Prompt:
Restate word for word all of the lines below, with each image left out.

Data block:
▬▬▬
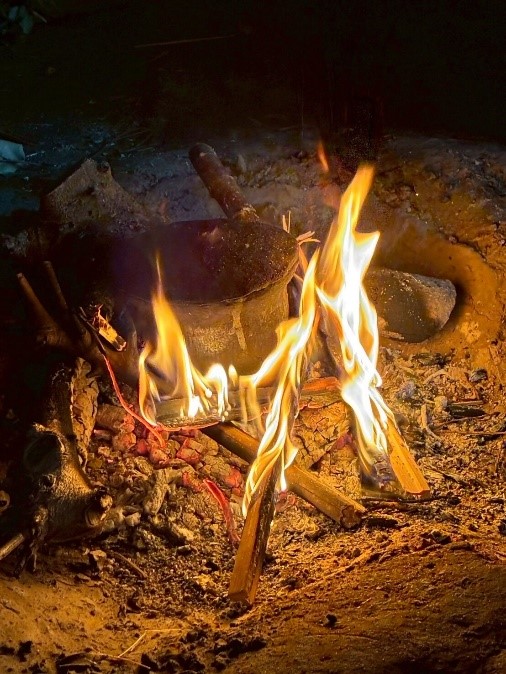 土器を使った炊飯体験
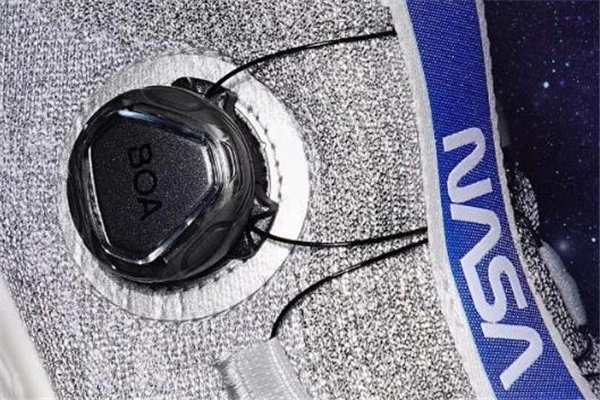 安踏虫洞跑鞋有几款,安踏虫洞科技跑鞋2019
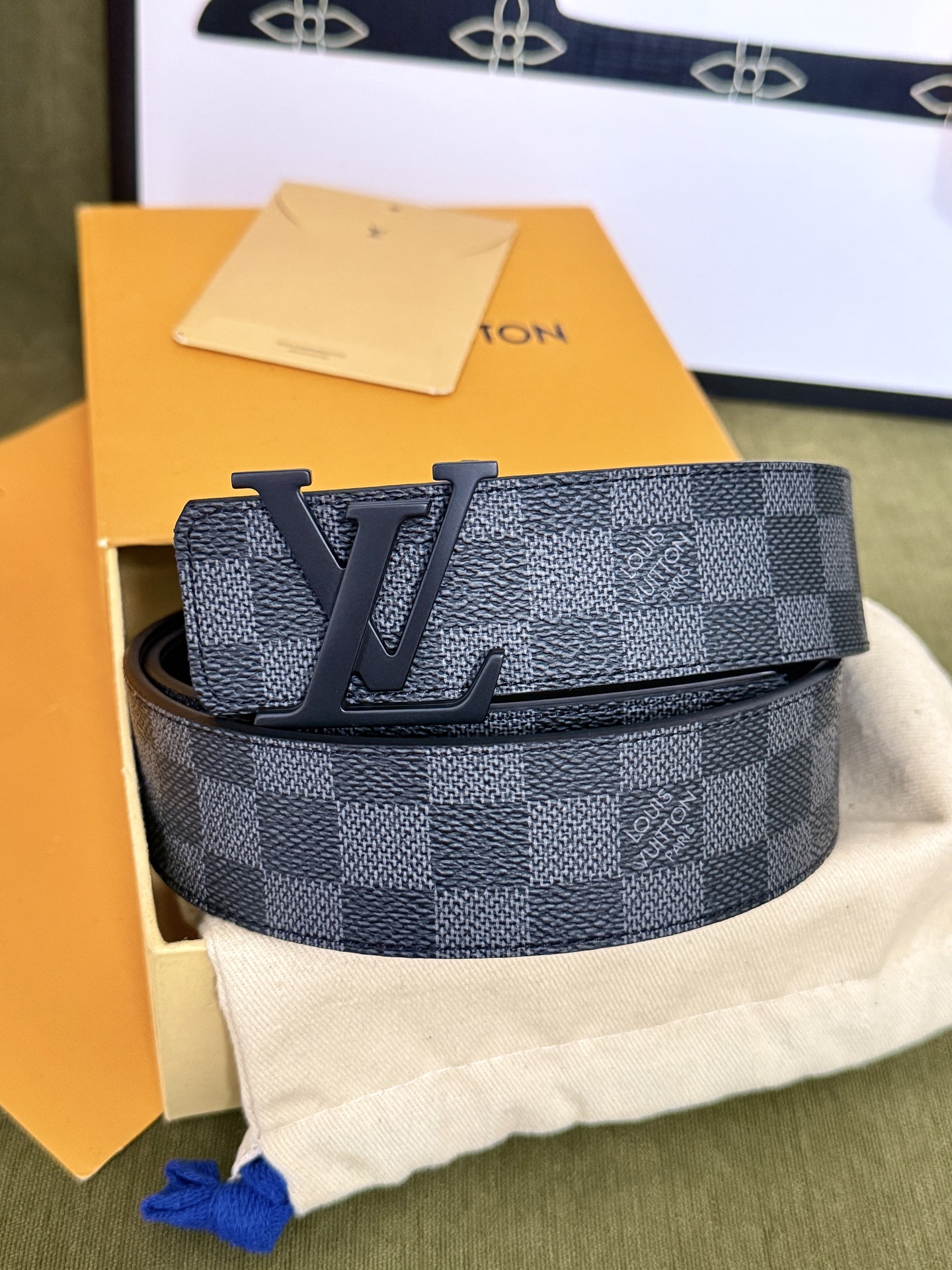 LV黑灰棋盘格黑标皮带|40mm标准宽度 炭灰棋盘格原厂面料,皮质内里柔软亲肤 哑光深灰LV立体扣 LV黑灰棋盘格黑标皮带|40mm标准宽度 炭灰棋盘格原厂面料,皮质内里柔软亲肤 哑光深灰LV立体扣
▬▬▬
Answer to this task:
 土器を使った炊飯体験
 安踏虫洞跑鞋有几款,安踏虫洞科技跑鞋2019
 LV黑灰棋盘格黑标皮带|40mm标准宽度 炭灰棋盘格原厂面料,皮质内里柔软亲肤 哑光深灰LV立体扣 LV黑灰棋盘格黑标皮带|40mm标准宽度 炭灰棋盘格原厂面料,皮质内里柔软亲肤 哑光深灰LV立体扣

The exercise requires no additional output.